David Slatkin definitely has a live one in Mojo. To think that he once worried about filling the seats when he was cooking in Redondo Beach. Welcome to town!

*

Mojo

930 Hilgard Ave.,

Westwood,

(310) 208-8765

cuisine: Nuevo Latino

rating: **

*

AMBIENCE: Stylish hotel restaurant and lounge. SERVICE: Earnest, but not always professional, from moonlighting waiters. BEST DISHES: Black bean and sweet plantain soup, beer roasted clams, conch croquettes, ropa vieja duck tamale, double-cut smoked pork chop, strawberry tres leches, tequila ice cream sundae.

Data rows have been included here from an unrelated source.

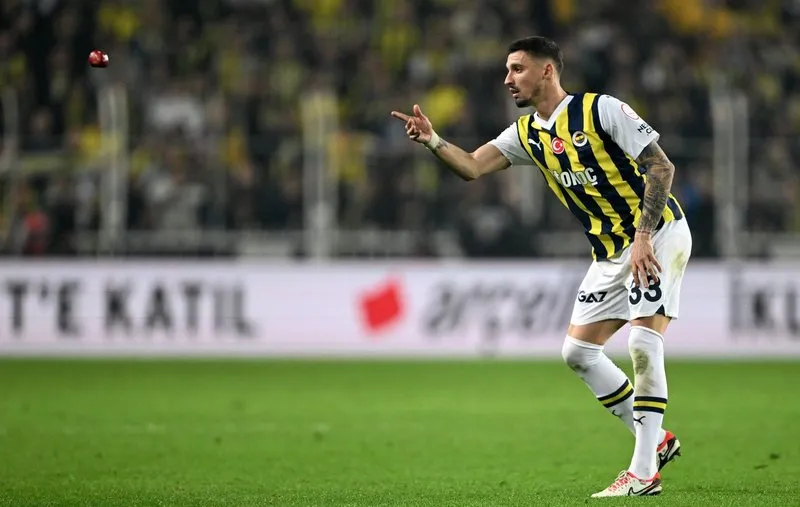 sirp-basini-acikladi-fenerbahceye-krunicte-bonservis-soku-1725439310137.jpeg Rade Krunic, bonservisiyle Kızılyıldız'a transfer oldu.
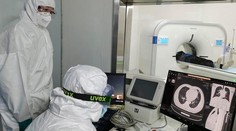 Čínski lekári oznámili, že pacientom s koronavírusom pomáha tento prípravok na chrípku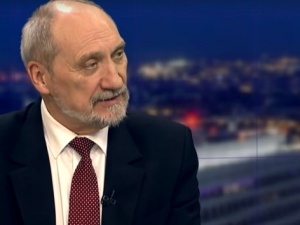 Antoni Macierewicz: "Dzisiaj w 42. rocznicę powstania KOR dziękuję swoim (...) koleżankom i kolegom"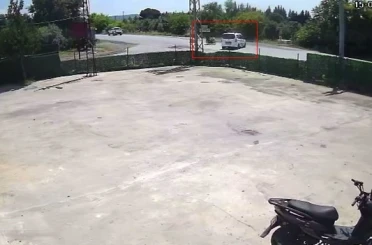 Hafif ticari araca ok gibi saplanan motosikletteki 2 kişi metrelerce havaya uçtu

Small plates, $7 to $14. Large plates, $21 to $30. Corkage, $15. wine PICKs: 1998 Bonny Doon, “Vin Gris de Cigare,” Rose, Santa Cruz County; 1995 Torres “Gran Coronas” Cabernet Sauvignon, Spain. FACTS: Breakfast, lunch and dinner daily. Valet parking.

*

Rating is based on food, service and ambience, with price taken into account in relation to quality. ****: Outstanding on every level. ***: Excellent. **: Very good. *: Good. No star: Poor to satisfactory.